→ WHAT YOU WILL DO
When you reach the line containing "Poco M6 Pro 8GB 256GB" in the entries below, begin reproducing lines exactly, and stop once the line containing "Ure<LONGINES Elegant Collection" is done.

→ INPUT MATERIAL
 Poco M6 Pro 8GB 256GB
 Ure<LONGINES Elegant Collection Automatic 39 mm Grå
---
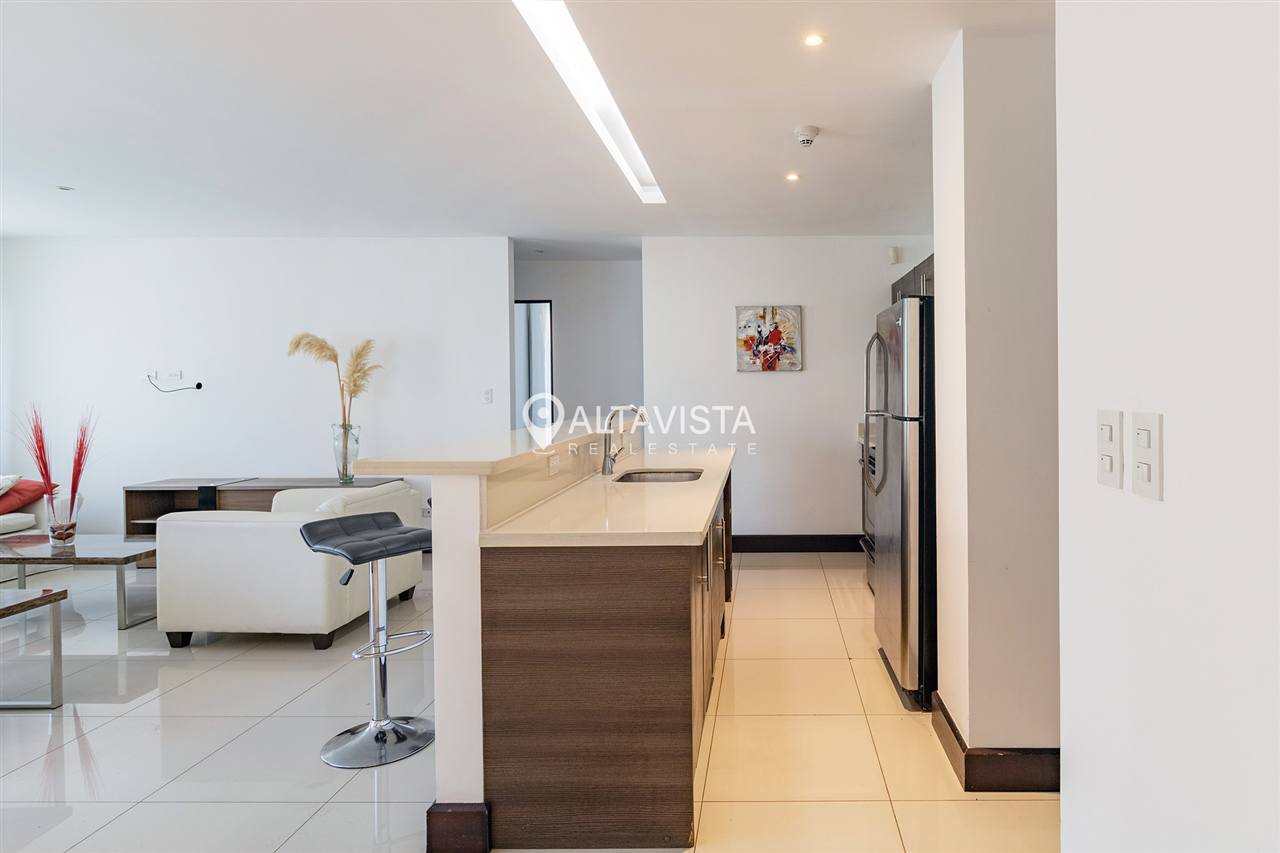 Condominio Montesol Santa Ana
==
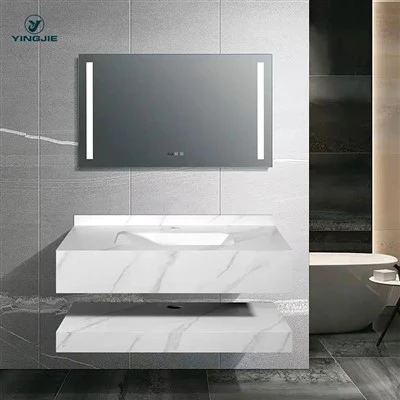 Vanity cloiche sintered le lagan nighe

→ RESULT
 Poco M6 Pro 8GB 256GB
 Ure<LONGINES Elegant Collection Automatic 39 mm Grå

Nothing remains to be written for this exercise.